■ Your goal: The lines from the one containing "Bermuda Jeans Cargo Masculina PRETO 44" through the final line of the listing below are what the answer must repeat, exactly and only, leaving pictures out.

+++ Input for this task

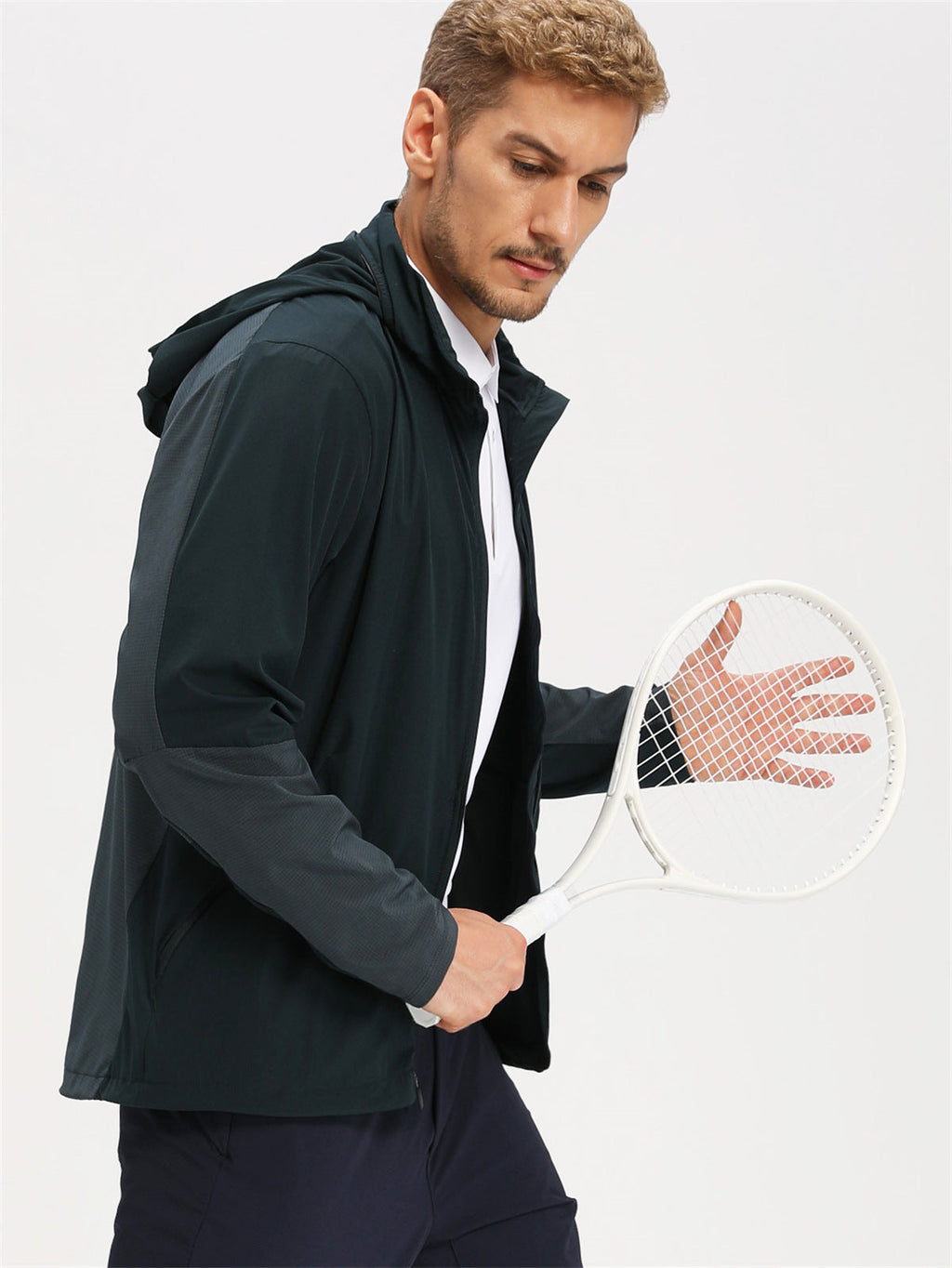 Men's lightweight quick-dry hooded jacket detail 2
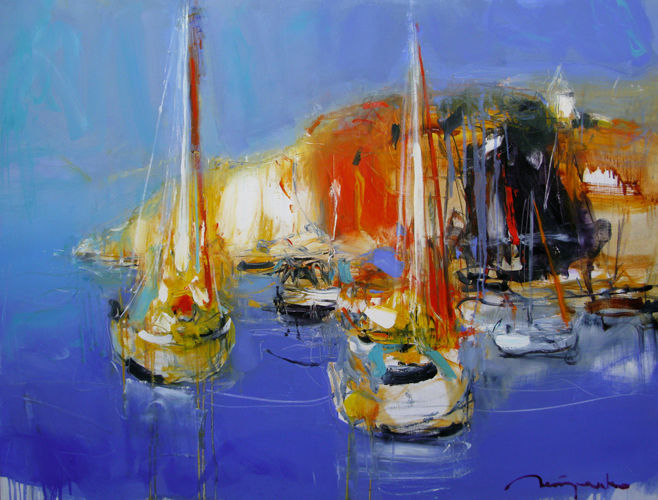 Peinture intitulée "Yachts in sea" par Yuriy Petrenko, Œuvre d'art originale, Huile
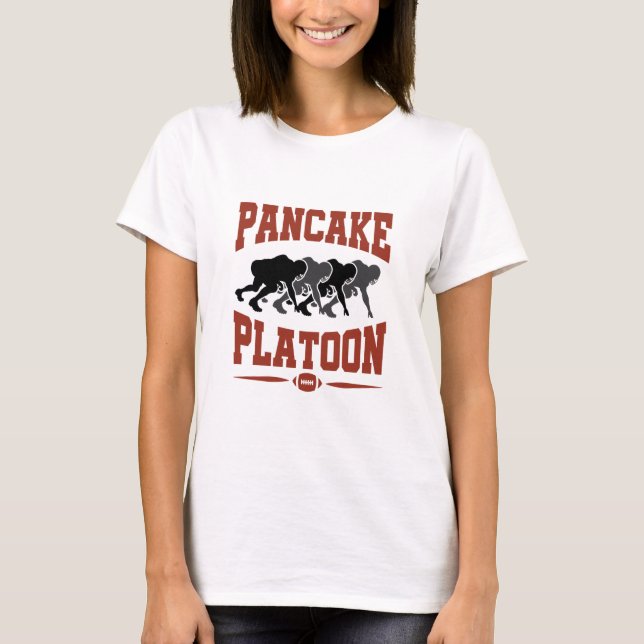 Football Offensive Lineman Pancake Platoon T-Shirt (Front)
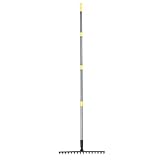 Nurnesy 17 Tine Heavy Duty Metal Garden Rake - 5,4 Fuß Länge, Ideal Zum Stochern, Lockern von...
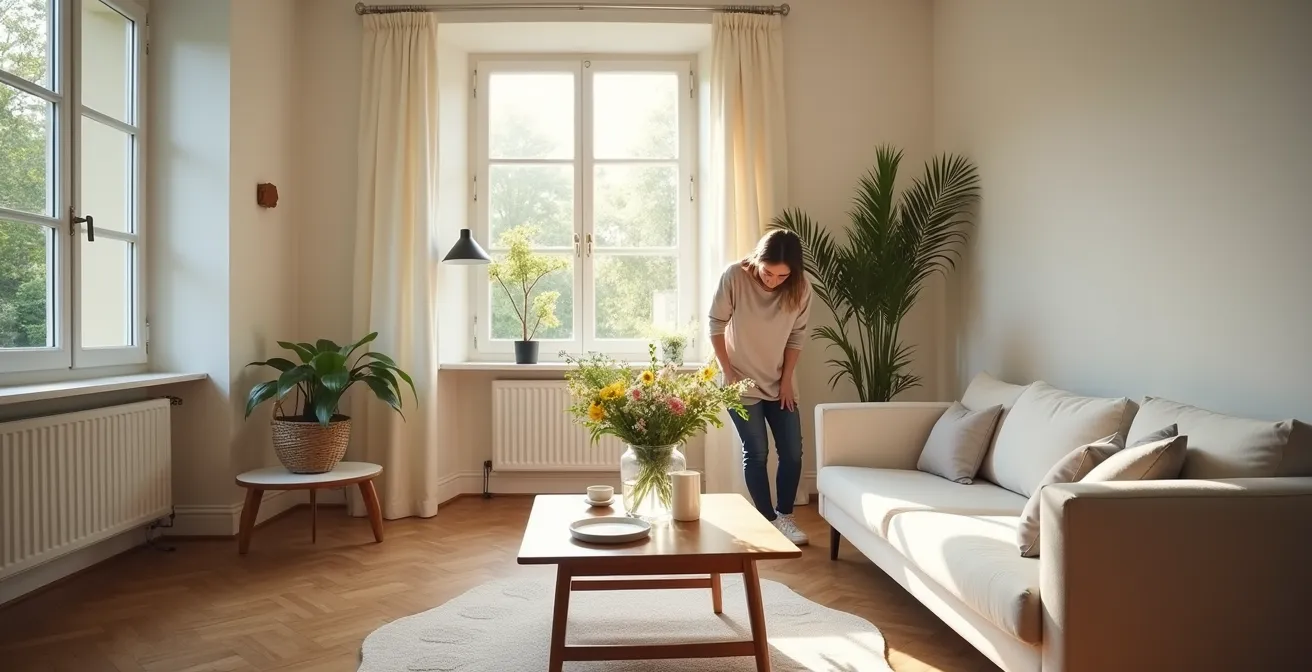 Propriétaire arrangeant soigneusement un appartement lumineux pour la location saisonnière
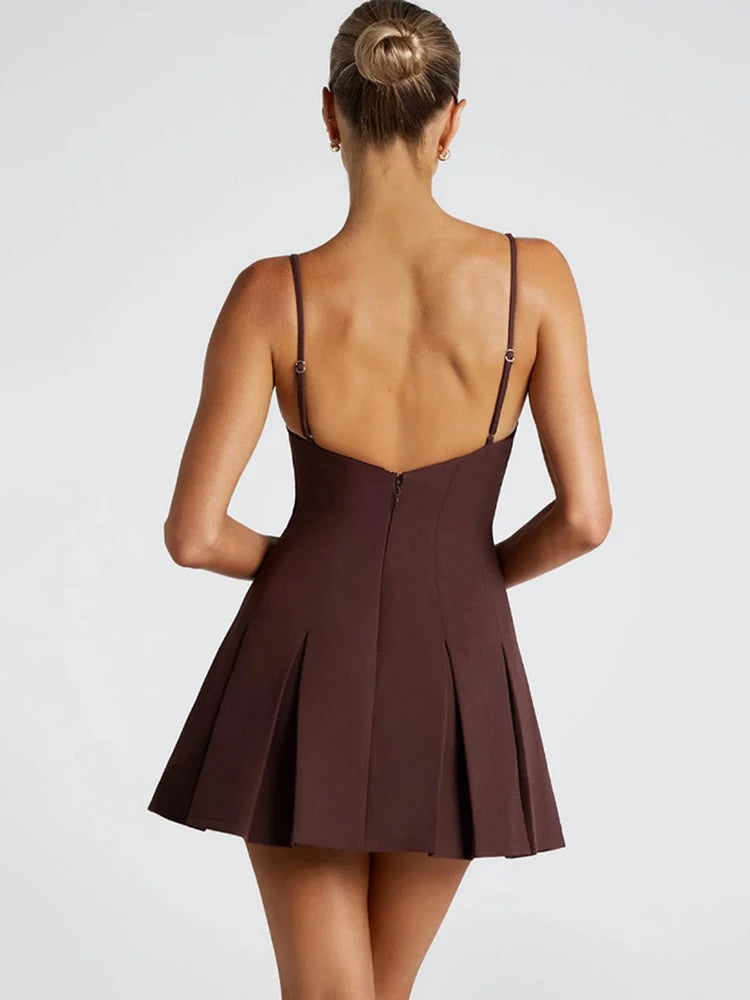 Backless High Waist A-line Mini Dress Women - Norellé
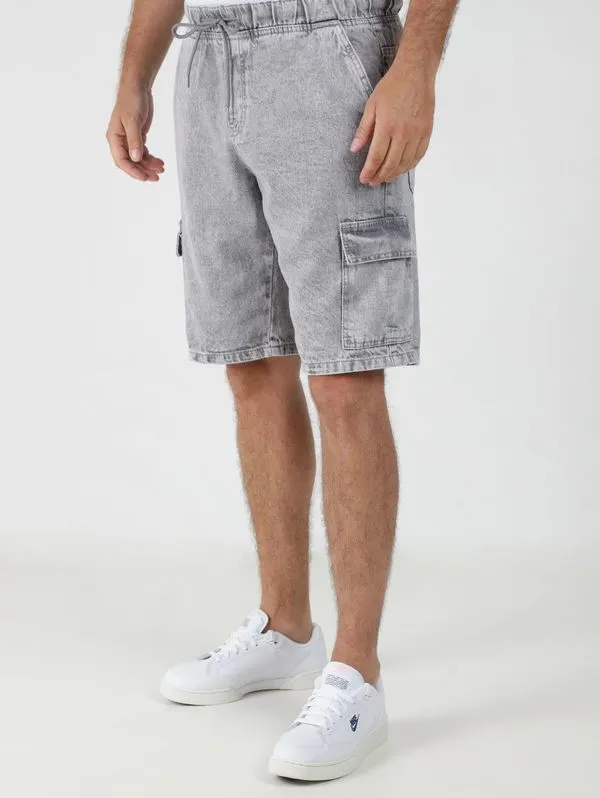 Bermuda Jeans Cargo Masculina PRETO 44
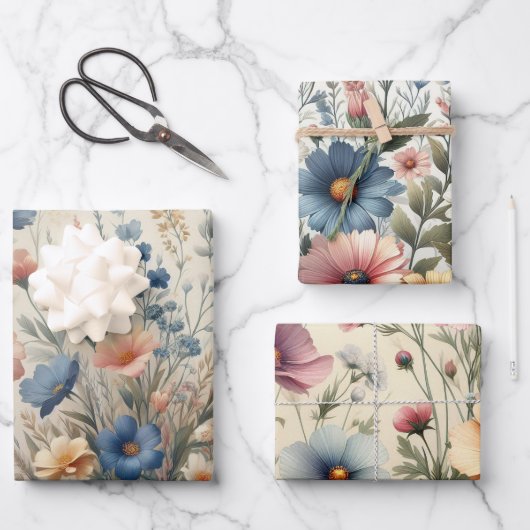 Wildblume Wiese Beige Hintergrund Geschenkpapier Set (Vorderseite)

++++++

■ Exercise answer:
 Bermuda Jeans Cargo Masculina PRETO 44
 Wildblume Wiese Beige Hintergrund Geschenkpapier Set (Vorderseite)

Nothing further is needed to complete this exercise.